We don’t typically get too technical in our blog posts. You don’t need to know all the ins and outs of your plumbing system, or all the lingo–that’s what we are here for! Still though, it is helpful to know some terms. If for any reason, to be aware of the importance of professional services, like water heater maintenance!
There is a very important component in your tank water heater that we check on during your maintenance appointment, and that’s the anode rod, which is sometimes referred to as the “sacrificial anode rod.” Read on to learn why it’s earned this nickname, and what you need to know about this component of your water heater.
What Is the Anode Rod’s Job?
The anode rod inside your tank water heater is comprised of magnesium or aluminum, encasing a core steel wire. The rod is connected to the top of the tank, and extends down into it. When two metals (like aluminum and steel) are present in water, one of the metals will begin corroding while the other one will not.
The less reactive metal, in this case, the steel lining of your water heater tank, won’t suffer from any corrosion, remaining intact as you need it to. Instead, the magnesium and aluminum of the anode rod will attract the ions that cause corrosion to begin.

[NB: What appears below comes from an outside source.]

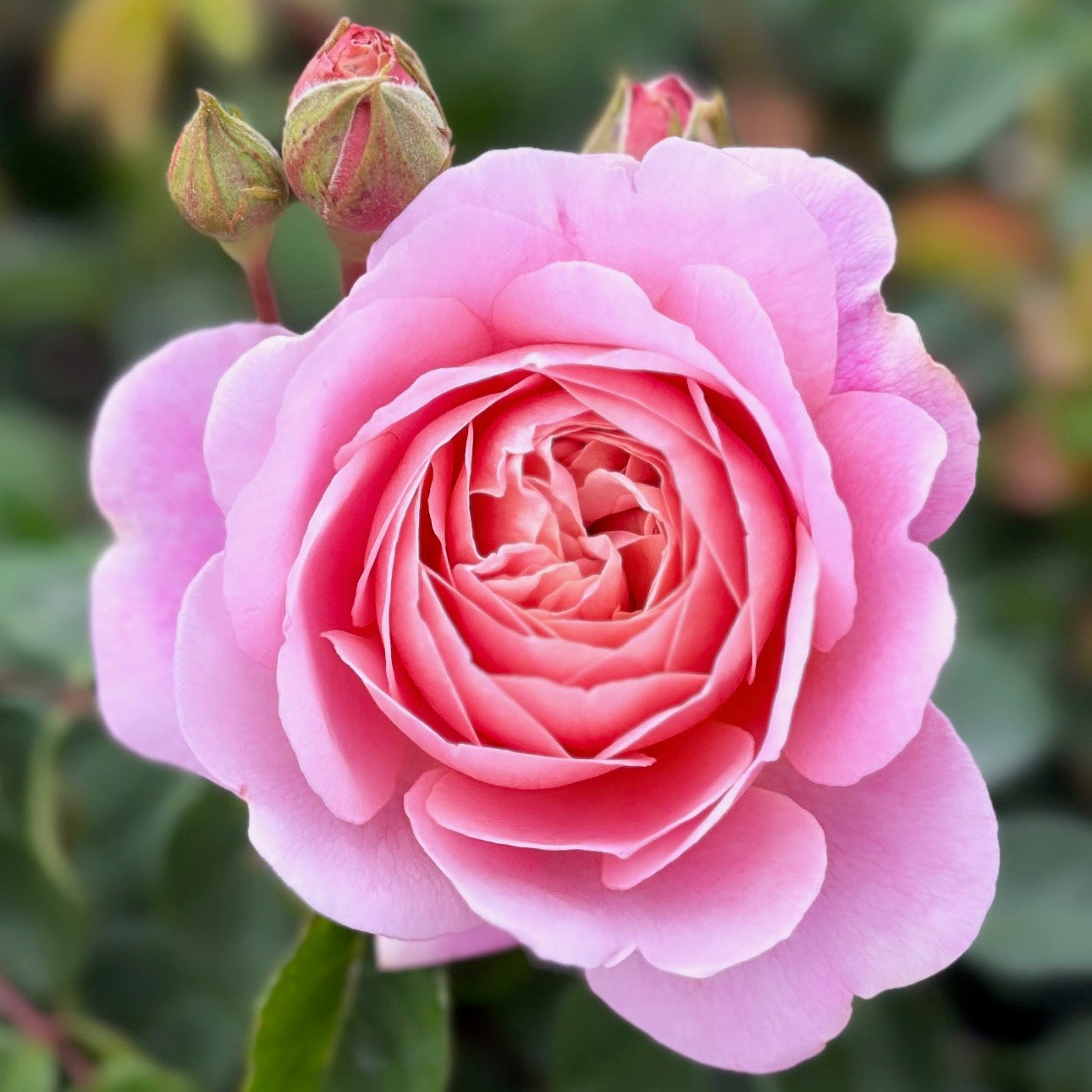 David Austin® Eustacia Vye® Potted Rose Bush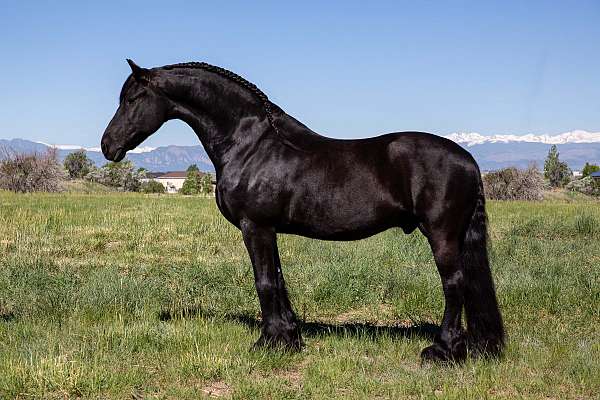 classical-companion-friesian-horse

So basically, the outer part of the anode rod “sacrifices” itself in order to protect the rest of the tank.
Why Is This Important to Know?
The average water heater, when well maintained, can give you a useful service life of 10-15 years, sometimes even two decades. But the average anode rod does not last this long. Rather, the anode rod breaks down much faster, requiring replacement 2-3 times during your water heater’s whole lifespan.
Essentially, once the magnesium or aluminum of the anode rod has fully corroded, the rod will no longer protect the inside of your water heater tank. This is why it’s so important to schedule annual maintenance for your water heater! The anode rod is one of many components that is checked during this service, and we’ll let you know if it needs to be swapped out for a new one.
If the anode rode is getting close to corroding to the core, our technicians will replace it so you’ll have continued protection for your water heater. It is worth noting that your water heater tank does have a second line of defense–a glass lining between the water and the steel lining of the tank. But just like the anode rod, this glass lining doesn’t last forever either. Small cracks and fissures occur, which can cause the water to seep through and reach the steel of the tank.
If you do ever discover visible corrosion on the outside of your water heater tank, this does mean that it’s time to replace or upgrade your water heater, otherwise you could be stuck with a flooded property due to leaks occurring.